上野の国立科学博物館で開催中の「ラスコー展」に行ってきた。

誰もが知っている世界遺産、フランスはラスコーにある洞窟壁画の絵としての素晴らしさは言わずもがなだが(っていうか2万年前のクロマニヨン人の方が私よりはるかにうまい…)、個人的にはレーザースキャンや3Dプリントといった最新のデジタル技術を用いて実物大に複製して展示するという趣向そのものにそそられた。

ラスコーにある実際の壁画は、保存のため現在は立ち入ることができないが、それがそっくりそのまま目の前にある。どこでもドア、自分がくぐるんじゃなくて、対象物が向こうからくぐってくる形で実現したか、という気分である。

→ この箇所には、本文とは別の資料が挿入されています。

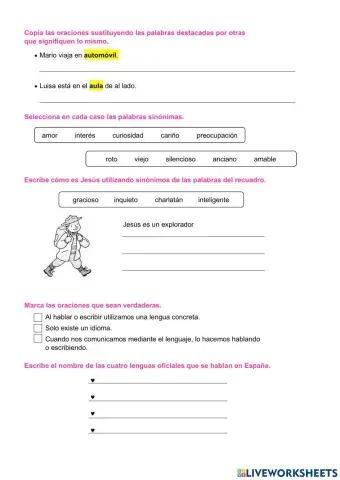 Repaso lengua tema 1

今まではアナログをデジタル化といっても、結局は画面の向こう側じゃん!的なところがあったが、それがもう一度アナログに落ちてくるとなると、視覚偏重の状態から肉体がもつ五感のインタフェースがフルに使える感じがしておもしろい。

また、その過程で情報のレイヤーを付け加えるなんてこともできるわけで、今回の展示では「線刻」(彫られた輪郭線)を光で浮かび上がらせる、という演出がされていた。となると、画面を見るのでもない、実物を見るのではない、また違った「第三の経験」になっているわけだ。

文房具を扱っていると、人間の能力を発揮するにはやはりアナログ感というか、肉体というハードにあったインタフェースが必要だよなと思うことが多いのだけれど、それに今後どうやってデジタルのレイヤーがかぶさってくるのかなぁ、なんてことを考えさせられる展示だった。

展示期間は2月19日まで。ご興味のある方は是非。壁画以外にもクロマニヨン人の当時の暮らしぶりとか、いろいろ見所があっておもしろかったです。